Dalle parole ai fatti? la lotta alla ludopatia

-di GIULIA CLARIZIA-

Da quando esiste la democrazia, e probabilmente anche da prima, i politici o aspiranti tali promettono. Che siano sinceri, o che lo facciano solo per ingraziarsi il favore del popolo, alla fine della campagna elettorale la resa dei conti arriva per tutti.

La propaganda che Cinque Stelle e Lega hanno portato avanti per anni dalle comode poltrone dell’opposizione, accentuata ovviamente in vista delle elezioni politiche dello scorso marzo, è stata particolarmente ricca di dichiarazioni di intenti. Al punto che un gruppo di giovani attenti e appassionati ha ritenuto importante che il popolo avesse uno strumento per orientarsi rispetto alla loro sincerità. Lo scorso settembre infatti è nato il CheckPoint Promesse, un originale osservatorio che senza giudizi di merito analizza lo stato delle promesse dei politici. Se sono state mantenute, oppure no, o se sono in corso di attuazione.

Ci siamo appoggiati proprio alle loro analisi per tornare su un tema caro a noi e a Di Maio, quello della lotta alla ludopatia.

Tempo fa il leader dei pentastellati aveva dichiarato che da Ministro dello Sviluppo Economico, avrebbe voluto abolire la pubblicità per il gioco d’azzardo. La promessa, in un certo senso, è stata mantenuta.

In uno dei primi provvedimenti del governo, il discusso Decreto Dignità, si è intervenuti sul tema come previsto dal Contratto di Governo alla sezione “sicurezza, legalità e forze dell’ordine”. Proprio lì si leggeva che il divieto a pubblicità e sponsorizzazioni doveva essere assoluto, e che tra le altre cose bisognava stabilire un sistema di utilizzo delle slot machine attraverso la tessera sanitaria per evitare il gioco minorile. Si prevedeva inoltre di tracciare i flussi di denaro per evitare evasione fiscale e infiltrazioni mafiose.

Le buone intenzioni però hanno dovuto fare i conti con la realtà di potenti che con il gioco d’azzardo si arricchiscono.

Per far sparire dall’oggi al domani pubblicità e sponsorizzazioni sarebbe stato necessario un duro colpo di mano, nel momento in cui erano già stati stipulati contratti in merito. Per questo, il divieto non riguarda coloro che alla data della pubblicazione della legge sulla Gazzetta Ufficiale avevano già un contratto in corso.
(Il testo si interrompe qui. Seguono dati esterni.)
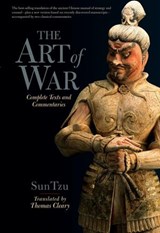 The Art of War - Sun Tzu - 9780834827301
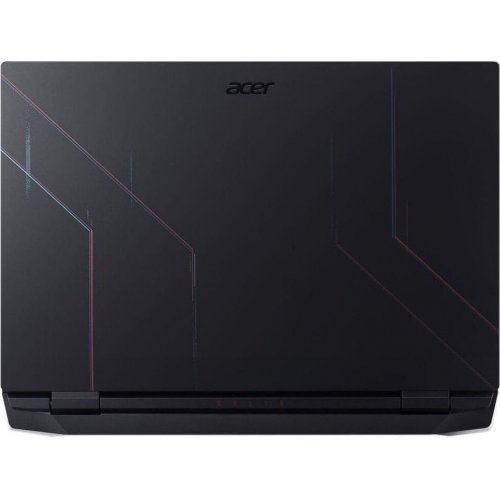 Продать Ноутбук Acer Nitro 5 AN515-58 (NH.QFHEU.007) Obsidian Black по Trade-In интернет-магазине Телемарт - Киев, Днепр, Украина фото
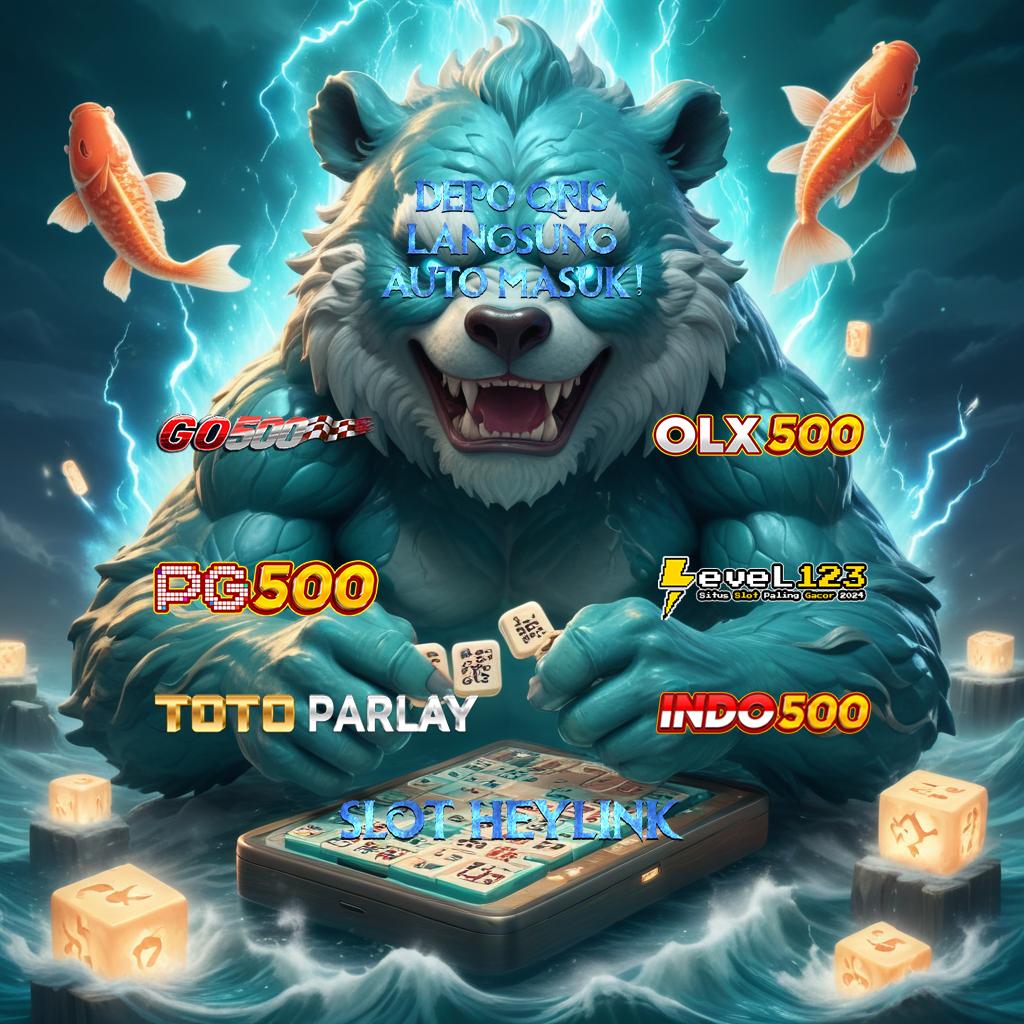 Download Slot Gacor Pragmatic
Inutile dire che al primo sentore di tale provvedimento, le aziende interessate sono corse a firmare accordi temendo un’ingente perdita di denaro.

Se il testo originario del Decreto parlava solo di lotta alla pubblicità, nella sua conversione in legge sono stati inseriti importanti emendamenti. Tra questi, un progressivo aumento del prelievo erariale fino al gennaio 2023 e la possibilità di gioco tramite tessere sanitaria così come preannunciata nel contratto di governo.

Gradualità sembra essere la parola d’ordine del provvedimento. Ci vorrà tempo prima che le pubblicità sul gioco d’azzardo spariranno. Inoltre il mancato adattamento delle slot machine al funzionamento con tessera sanitaria sarà sanzionabile solo nel 2020. Ci vorrà tempo, ma è già qualcosa.

Nulla si è detto però sul contrasto al gioco d’azzardo illegale, dove non manca la presenza ingombrante della mafia. Come accade per tutti le dannose abitudini che lo stato cerca di contrastare, come l’uso delle droghe, il rischio è l’aumento di pratiche illegali. E l’attenzione ai controlli non sembra controbilanciare la crescita di tale rischio.

In ogni caso, nel testo di legge si specifica che entro sei mesi dalla sua entrata in vigore, quindi entro febbraio 2019, “il Governo propone una riforma complessiva in materia di giochi pubblici in modo  da assicurare l’eliminazione dei rischi connessi al  disturbo  da  gioco d’azzardo e  contrastare  il  gioco  illegale  e  le  frodi  a  danno dell’erario (…)”. Staremo quindi a vedere cosa accadrà.